Dvorak on Google and Wikipedia

← Back to Stories (view on slashdot.org)

Dvorak on Google and Wikipedia

Posted by CowboyNeal on Tuesday February 15, 2005 @03:55AM from the looking-for-strings dept.

cryptoluddite writes "PC Magazine has an article by John C. Dvorak expanding on the community discussion of Google's offer for free web hosting of Wikipedia. Those against the deal point out that Google may be planning to co-opt the encyclopedia as Googlepedia (by restricting access to the complete database). In a revealing speech given by the Google founders, Larry Page says he would 'like to see a model where you can buy into the world's content.
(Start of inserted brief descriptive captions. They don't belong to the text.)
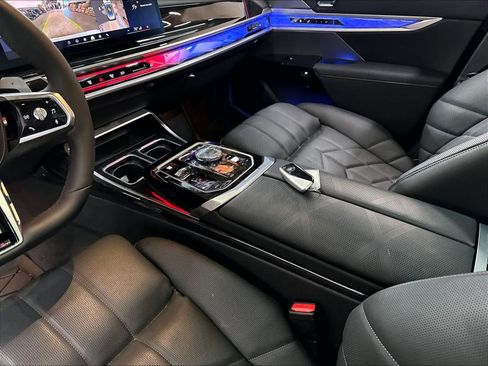 Used 2026 BMW 750e xDrive w/ Executive Package AWD/4WD image 19
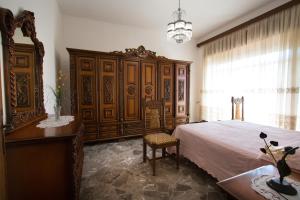 サルヴェにあるCasa Giovanniのベッドルーム1室(ベッド1台、椅子、窓付)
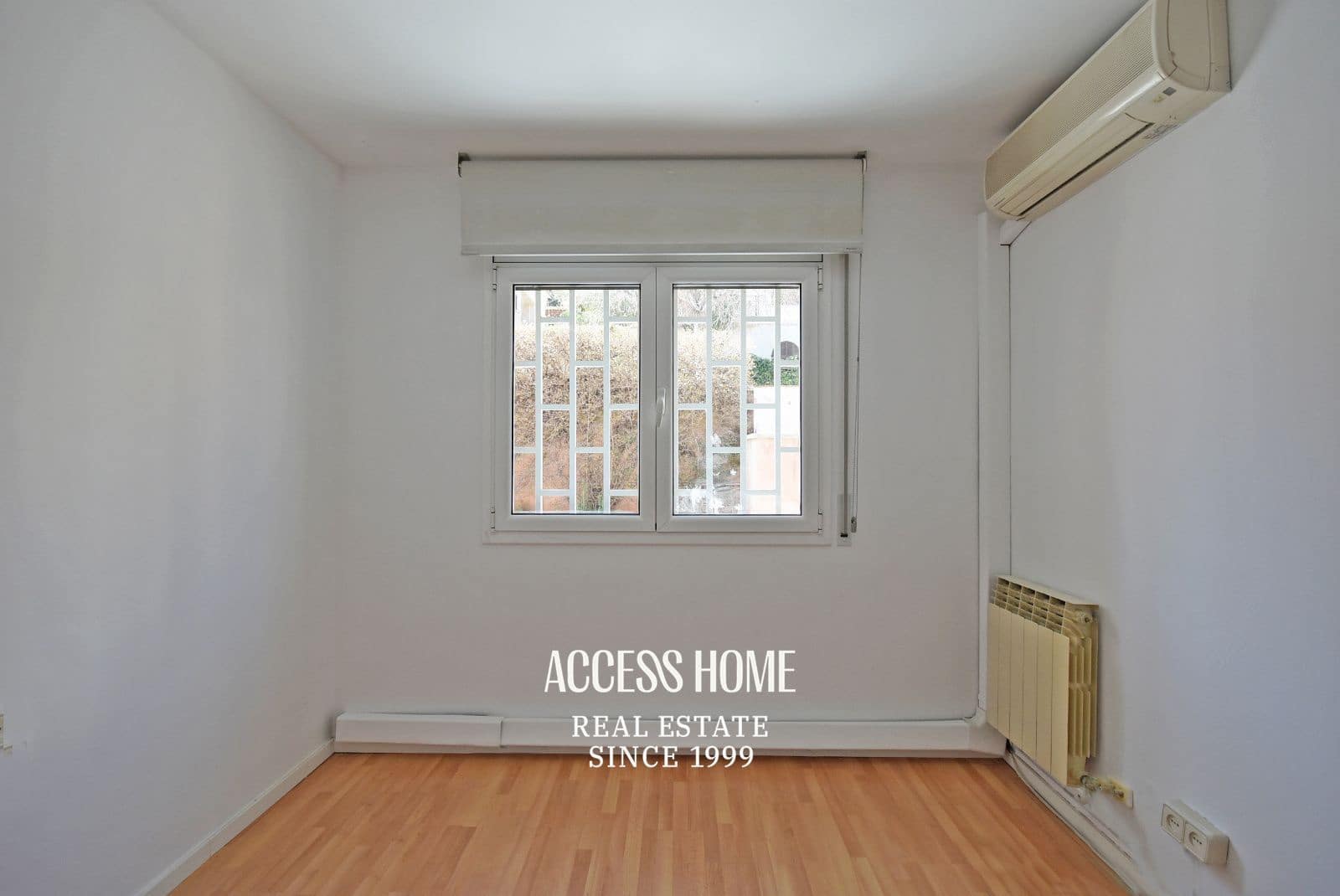 4 soverom Hus til salgs i Alella med svømmebasseng garasje - € 790 000 (Ref: 9776984)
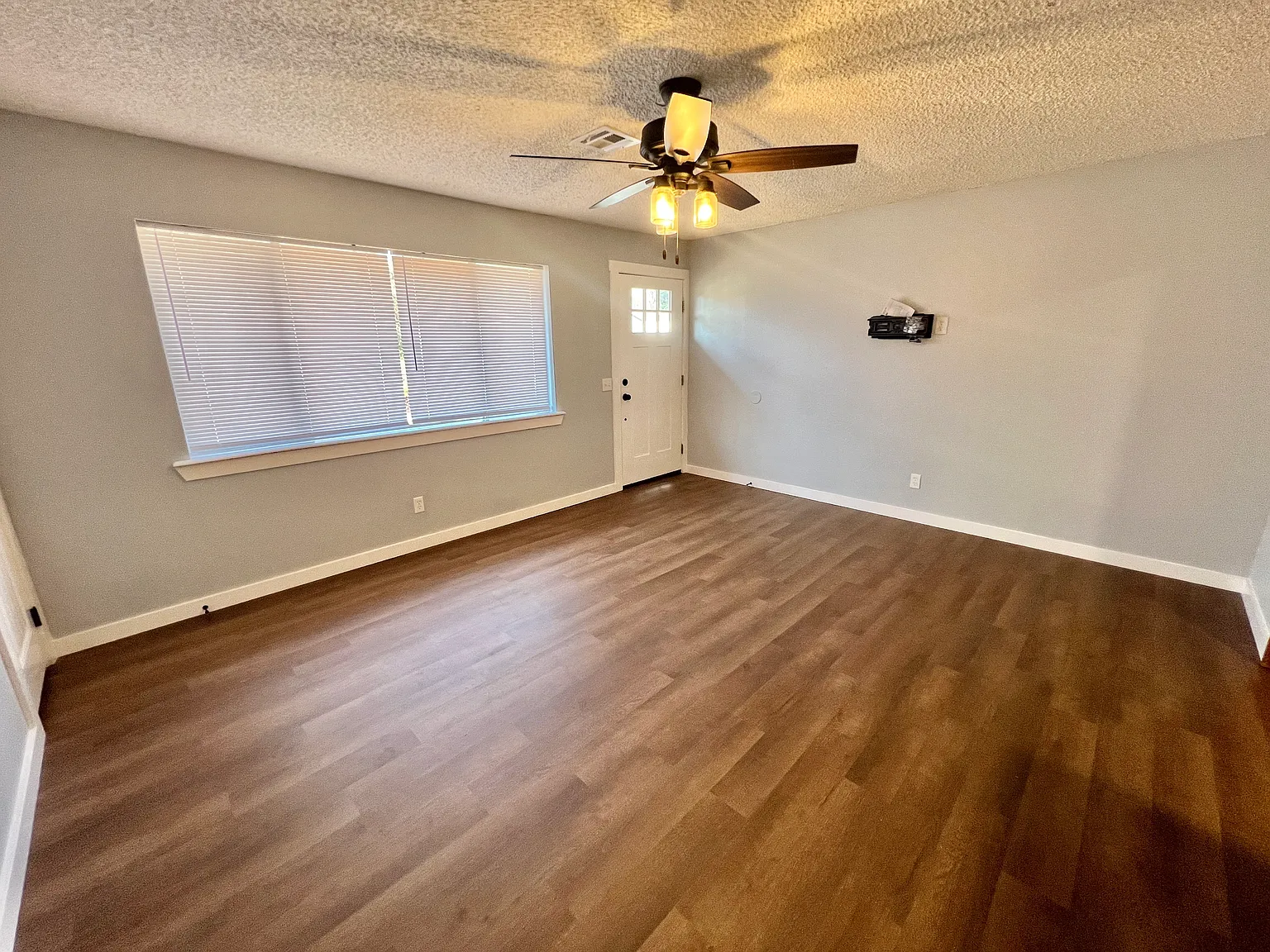 3 bed, 1116 sqft, $1,500 — Photo 3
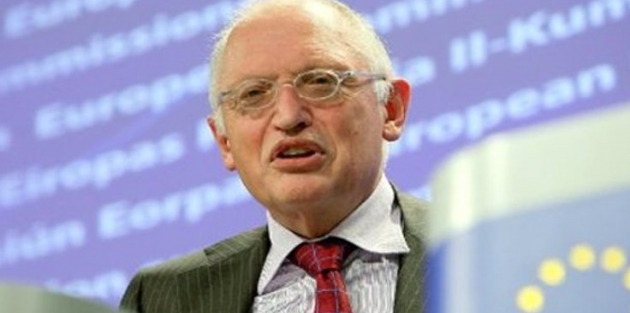 Verheugen: AB Türkiye'yi kandırdı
Let's say you pay $20 per month.' Should public domain information be free?" It's a pretty scary scenario painted, but one can hardly take a speech from 2001 as serious evidence these days. Update: 02/16 20:16 GMT by T : This story links inadvertently to the second page of the column; here's a link to the first page.

12 of 449 comments (clear)

Min score:

Reason:

Sort:

Is this just alarmist talk from a doomsayer? by StateOfTheUnion · 2005-02-15 04:03 · Score: 5, Informative

hose against the deal point out that Google may be planning to co-opt the encyclopedia as Googlepedia (by restricting access to the complete database).
Can they do that? The wikipedia is governed by the GNU Free Documentation License . . .wikipedia details here.
This is why Jimbo didn't want the details to leak by Neophytus · 2005-02-15 04:03 · Score: 5, Informative

Speculation runs rife. I guess security through well... not very obscurity's bound to get someone chatting in the end.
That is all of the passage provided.